DIRECTIONS: Begin at the line with "種無し柿を持っている女性の左手 種無し柿を持っている女性の左手 5661081" and set down each line exactly until the listing ends. Images stay out.

INFORMATION SUPPLIED:
========

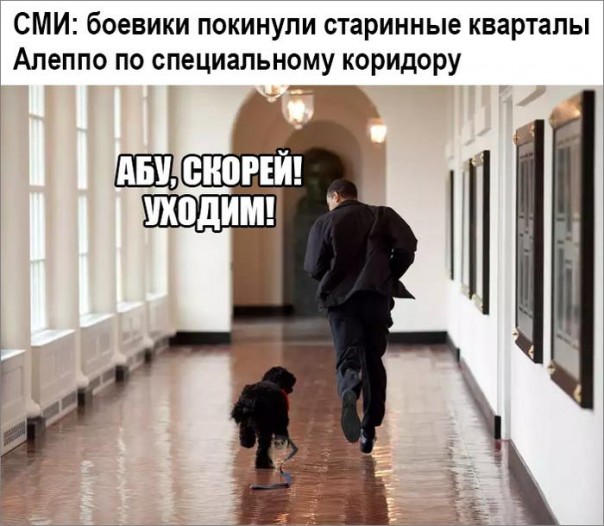 "Мыздобулы" в картинках. Смешных и не очень... 10-12-2016 "Мыздобулы" в картинках. Смешных и не очень... 10-12-2016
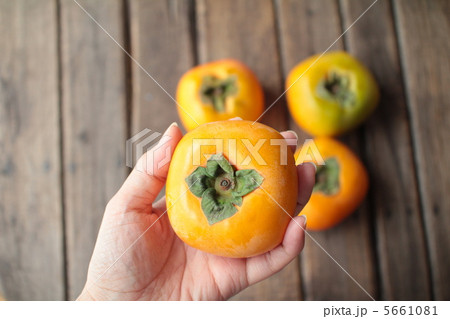 種無し柿を持っている女性の左手 種無し柿を持っている女性の左手 5661081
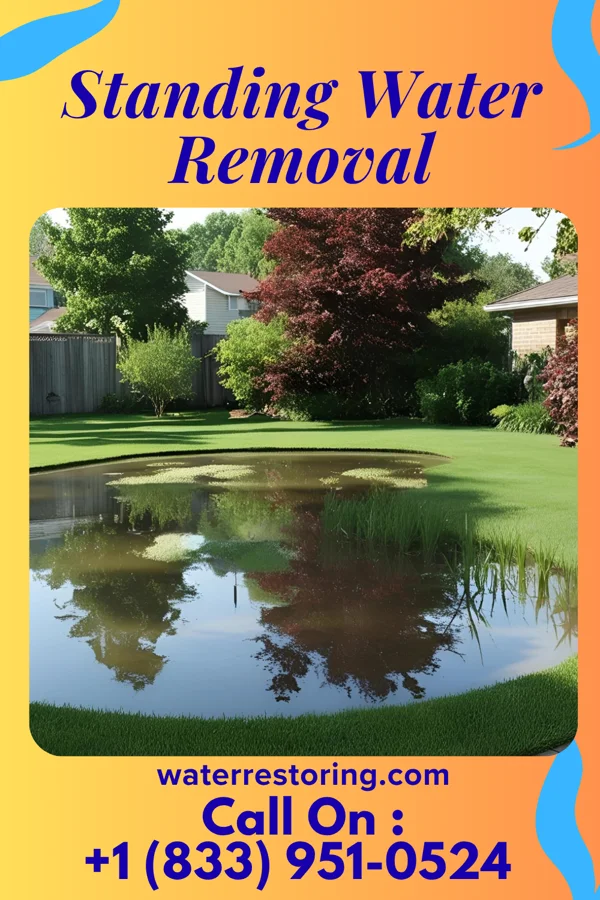 Standing Water Removal in Guntersville, AL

========

RESULT:
 種無し柿を持っている女性の左手 種無し柿を持っている女性の左手 5661081
 Standing Water Removal in Guntersville, AL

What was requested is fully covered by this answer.